I would use 4.186 for water and also include MC for the bottle.

jrmichler said:
You say you have a Master's degree in Mechanical Engineering. You don't say how long ago you graduated, but all undergraduate ME programs have a course in heat transfer. That course covers how to estimate a heat transfer coefficient, and how to use that calculate the rate at which the temperature drops. Hint: The Nusselt number is used to calculate the film heat transfer coefficient.

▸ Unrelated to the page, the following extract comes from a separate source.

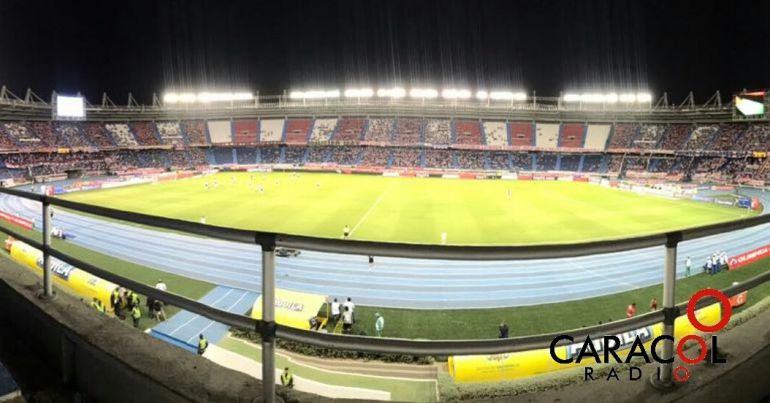 Más de 1.000 policías garantizarán seguridad para el partido Junio-DIM: Más de 1.000 policías garantizarán seguridad para el partido Junior-DIM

Or you could set several bottles on the balcony, then open and drink them at regular intervals. That will tell you directly how long it takes to get it to the best temperature for drinking. Depending on how fast the wine cools, you might need to invite some friends to help.
The problem for convective heat transfer here is that it is highly sensitive to small changes/specifics in the inputs (geometry, wind). It's very hard to get an accurate model. Imo, experimentation isn't just more fun it's much more accurate.

jrmichler
Chestermiller said:
I would use 4.186 for water and also include MC for the bottle.
What is MC? and how to deal with U? around 1E-2 W/(m2·K) I think it's suitable. In this case I would have dT/dt=-0.004 °/s

Last edited:
Andrea Vironda said:
What is MC? and how to deal with U? around 1E-2 W/(m2·K) I think it's suitable. In this case I would have dT/dt=-0.004 °/s
MC ??
The glass bottle, along with the wine, also decreases in temperature.
mass of the glass bottle, and,
heat capacity of the glass bottle

If the glass bottle is thick, it would be significant.
If thin, then, possibly, the heat lost from the wine >> heat loss from the glass bottle, and you can neglect.

Andrea Vironda said:
What is MC? and how to deal with U? around 1E-2 W/(m2·K) I think it's suitable. In this case I would have dT/dt=-0.004 °/s
Transport Phenomena by Bird et al tabulates typical values of U for various situations with natural and forced convection.

Chestermiller said:
Transport Phenomena by Bird et al
I have the second edition (2002). I can see in §10.9 FREE CONVECTION the theory, but I can't find the tables. Also appendix E is mute

Table 14.1-1

Ok got, i created a model here, but I notice the starting rate would be -1.1 °C/s, too many in my opinion.
I think C or U must be revised.

Andrea Vironda said:
Ok got, i created a model here, but I notice the starting rate would be -1.1 °C/s, too many in my opinion.
I think C or U must be revised.
What numbers did you use?

You can Open the link and have a look

Andrea Vironda said:
Also appendix E is mute
Mute (doesn't say anything at all)?

or Moot (doesn't say anything that applies here)?

hutchphd
Andrea Vironda said:
You can Open the link and have a look

In post #16 there's a word, "here", that is in blue. Clic on it, it's stored on OneDrive. I put comments on all the variables i used

Andrea Vironda said:
In post #16 there's a word, "here", that is in blue. Clic on it, it's stored on OneDrive. I put comments on all the variables i used
1 W = 0.001 kJ/s

Andrea Vironda said:
it's stored on OneDrive.
That is not a reliable way to share information on PF. If the file goes away at some point, the thread becomes meaningless. Please upload a PDF copy of the file using the "Attach files" link below the Edit window. Thank you.